▶ **Work required**:
In the records that follow, find the line containing "DIOSA DEL PLACER" and the line containing "2024 Aquila 54 Yacht", then transcribe both and every line between them exactly, omitting pictures.

▶ **Material for this exercise**:
——

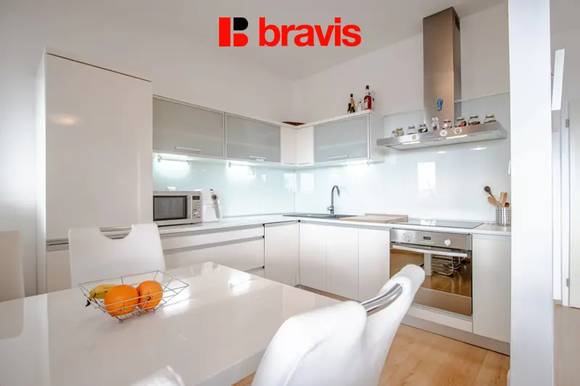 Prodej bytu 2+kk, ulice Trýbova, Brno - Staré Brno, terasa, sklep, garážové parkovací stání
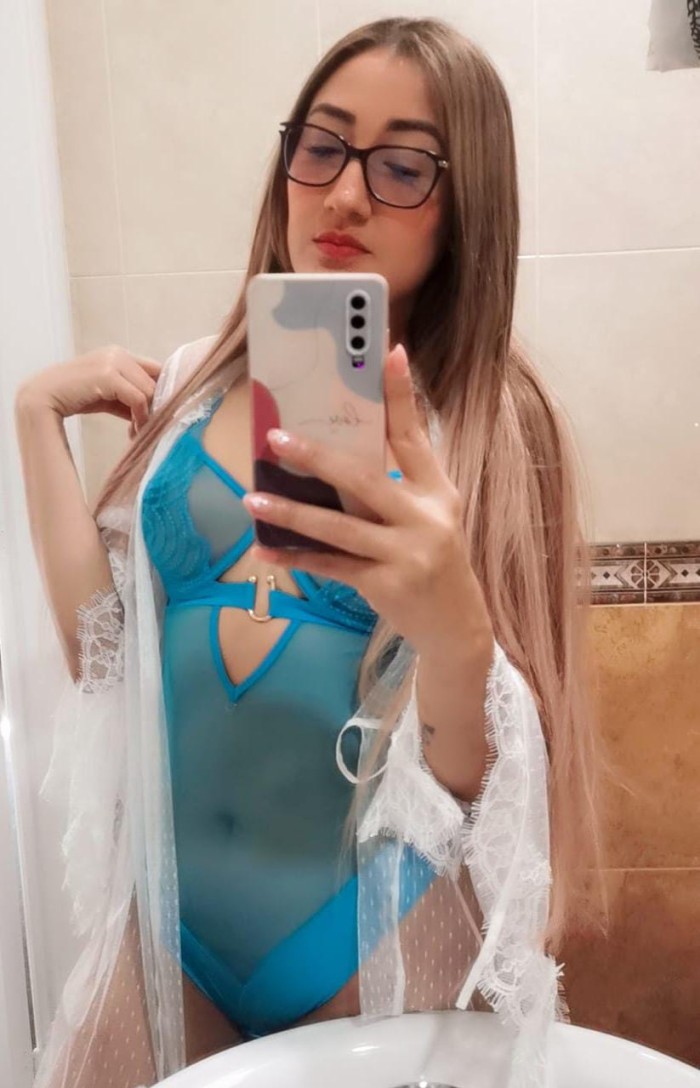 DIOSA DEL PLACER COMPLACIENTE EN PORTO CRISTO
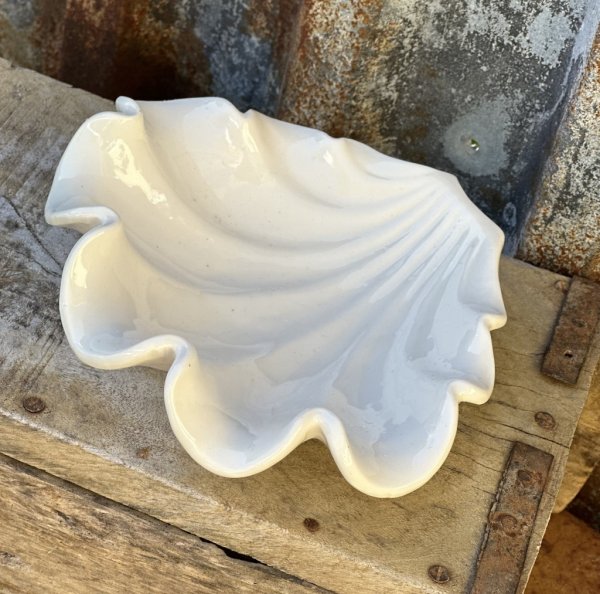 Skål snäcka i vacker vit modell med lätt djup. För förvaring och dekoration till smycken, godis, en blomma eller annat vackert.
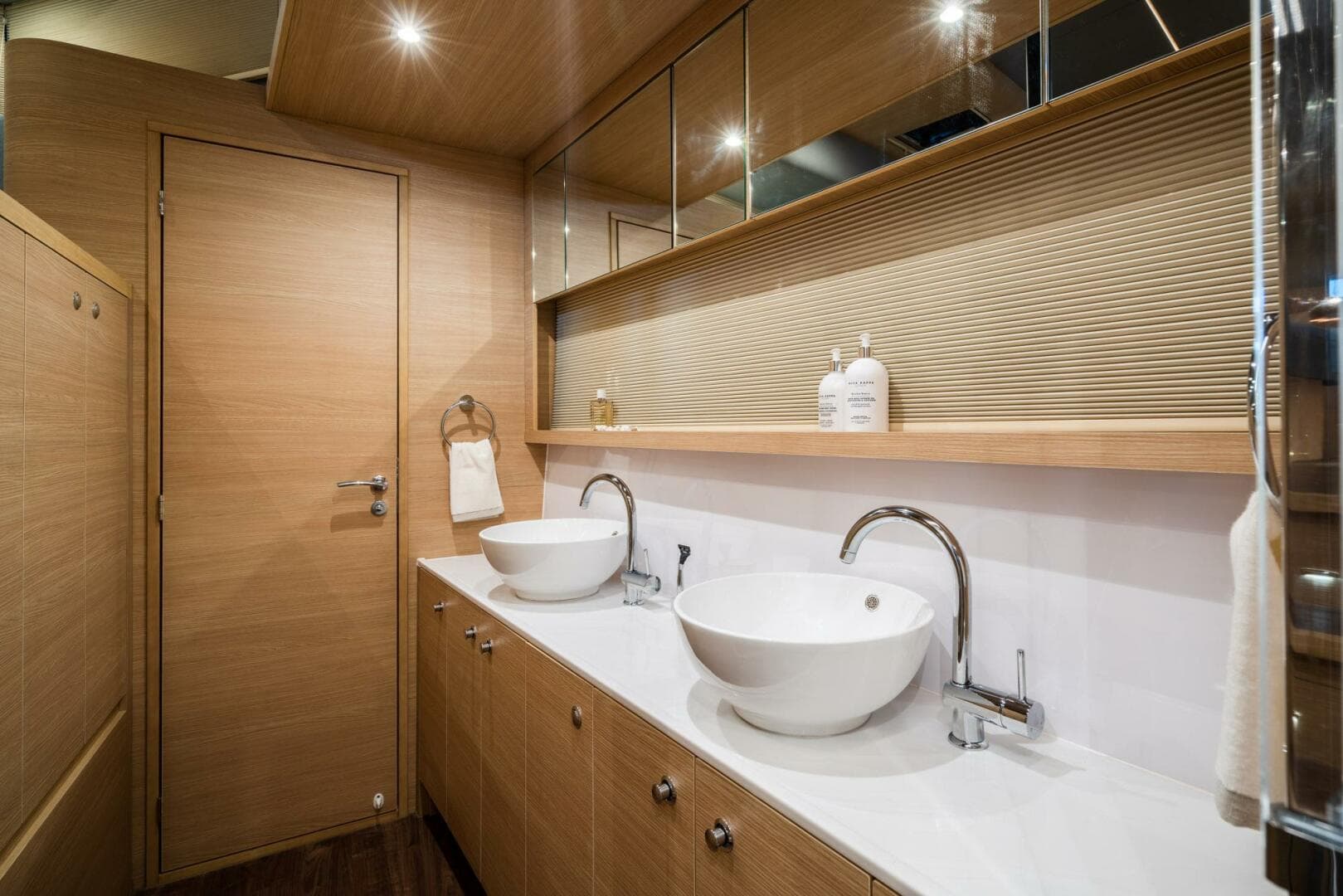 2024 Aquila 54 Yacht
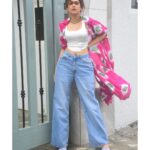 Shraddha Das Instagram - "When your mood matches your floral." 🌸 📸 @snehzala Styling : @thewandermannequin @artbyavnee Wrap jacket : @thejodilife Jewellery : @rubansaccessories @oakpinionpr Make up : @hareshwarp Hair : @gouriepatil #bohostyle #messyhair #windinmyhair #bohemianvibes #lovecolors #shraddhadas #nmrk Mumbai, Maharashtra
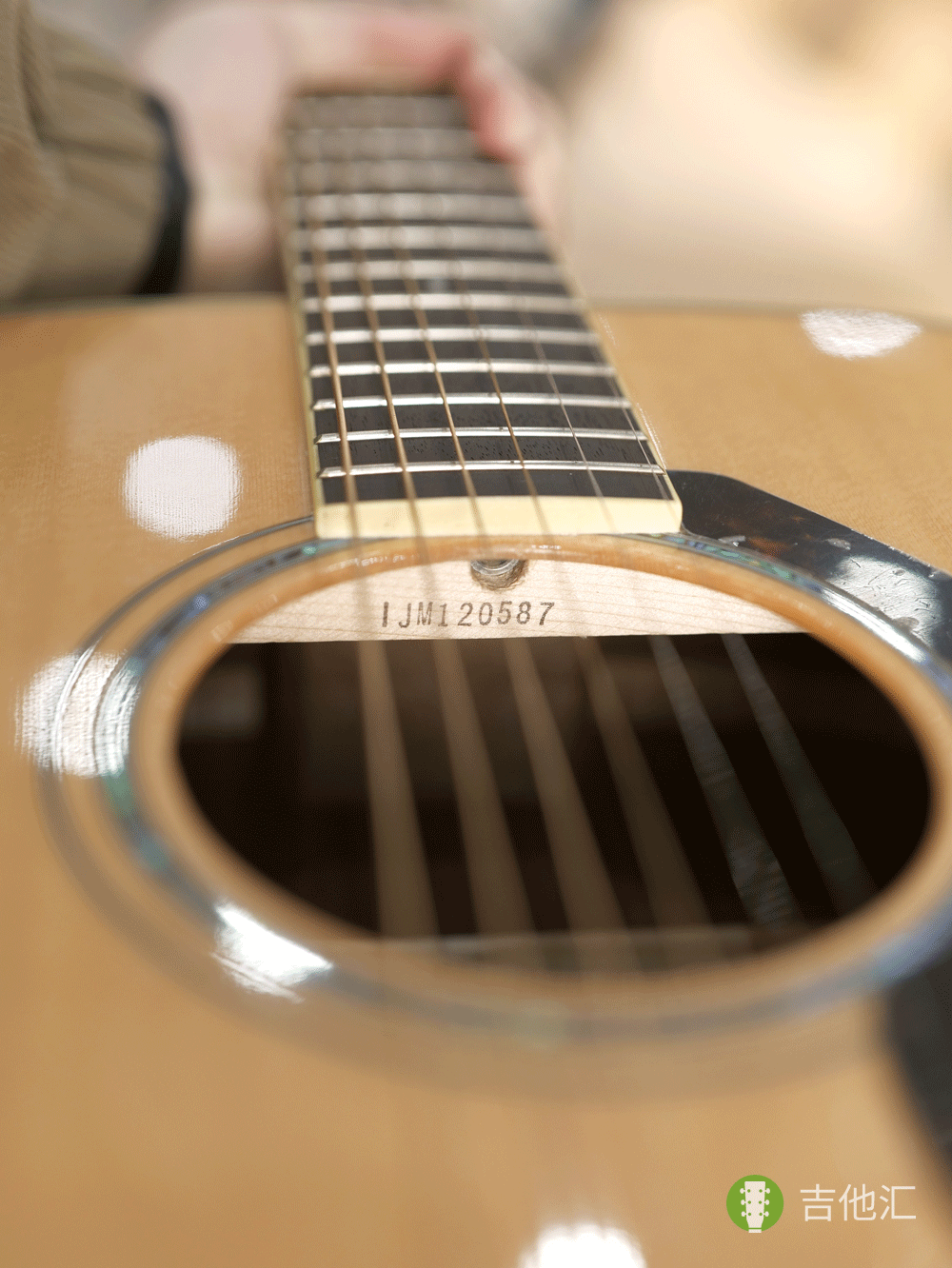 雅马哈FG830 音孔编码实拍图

——

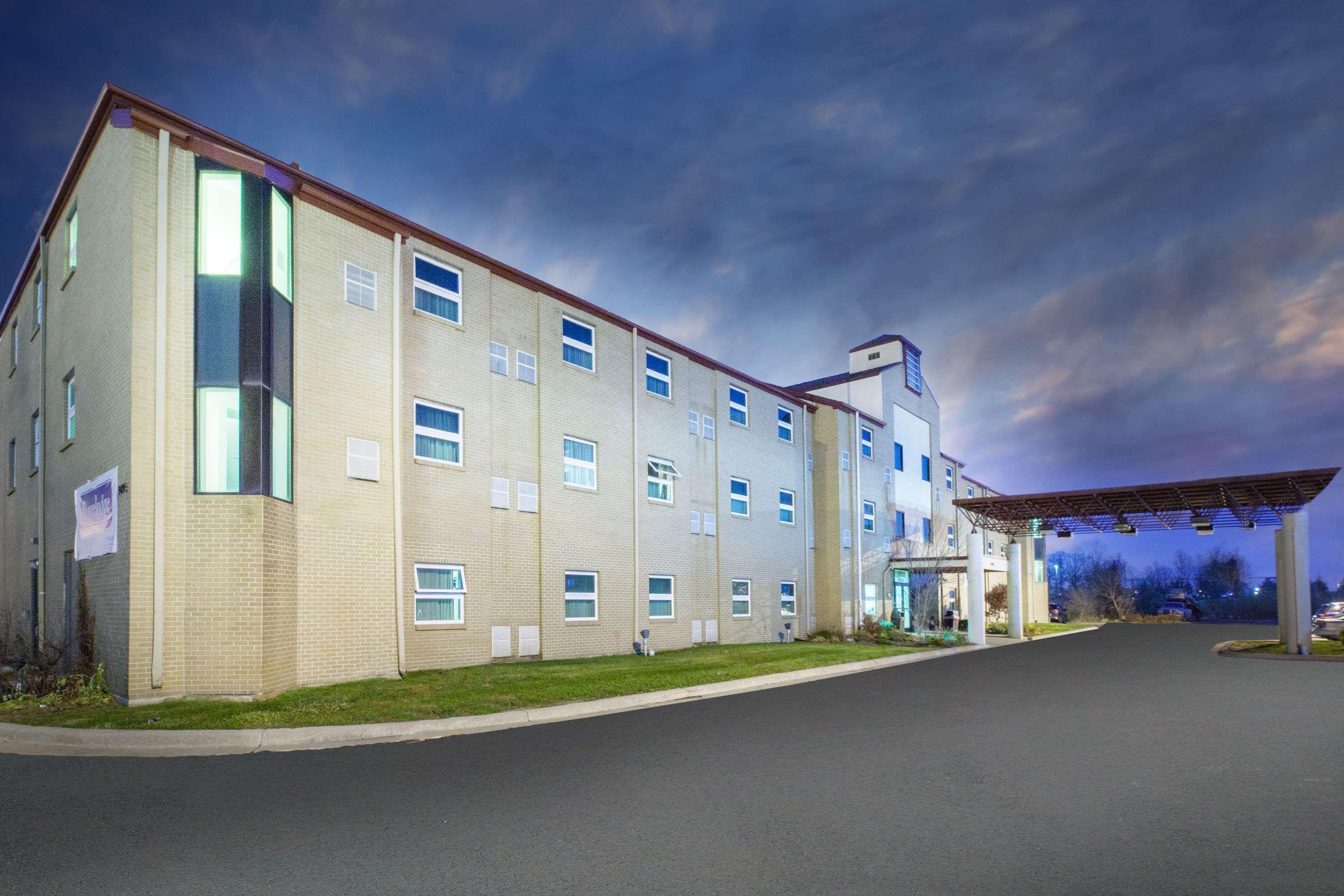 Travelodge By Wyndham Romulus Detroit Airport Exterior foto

——

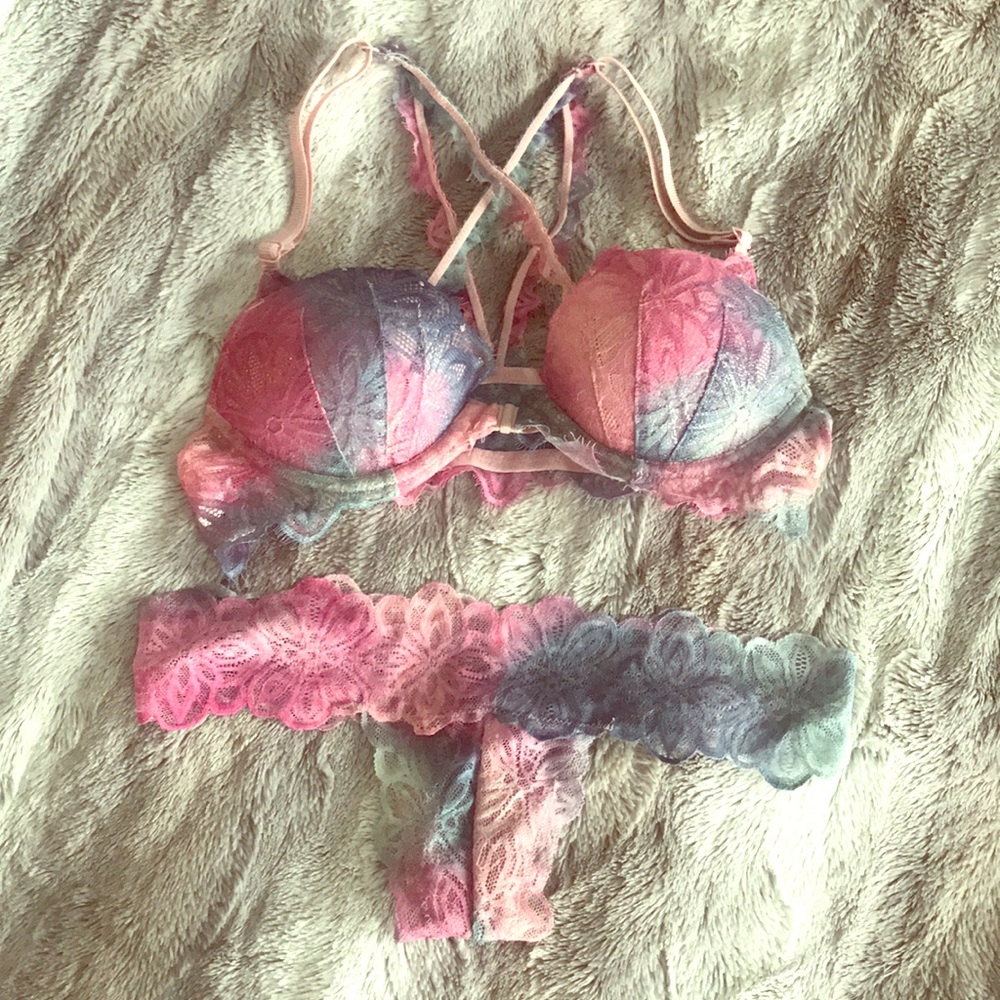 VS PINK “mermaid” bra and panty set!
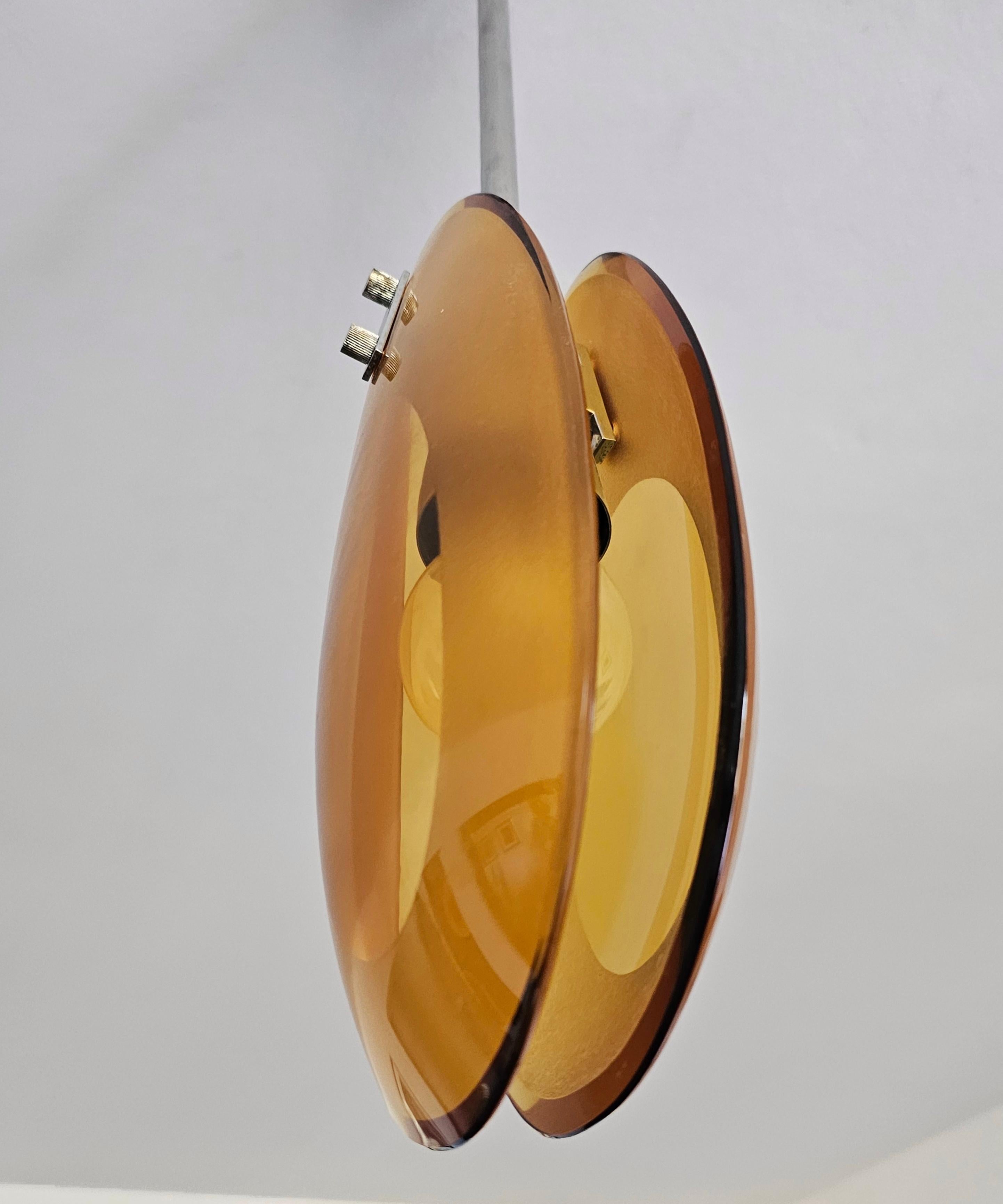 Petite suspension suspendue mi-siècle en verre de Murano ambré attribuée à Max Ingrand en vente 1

——

▶ **Completed exercise**:
 DIOSA DEL PLACER COMPLACIENTE EN PORTO CRISTO
 Skål snäcka i vacker vit modell med lätt djup. För förvaring och dekoration till smycken, godis, en blomma eller annat vackert.
 2024 Aquila 54 Yacht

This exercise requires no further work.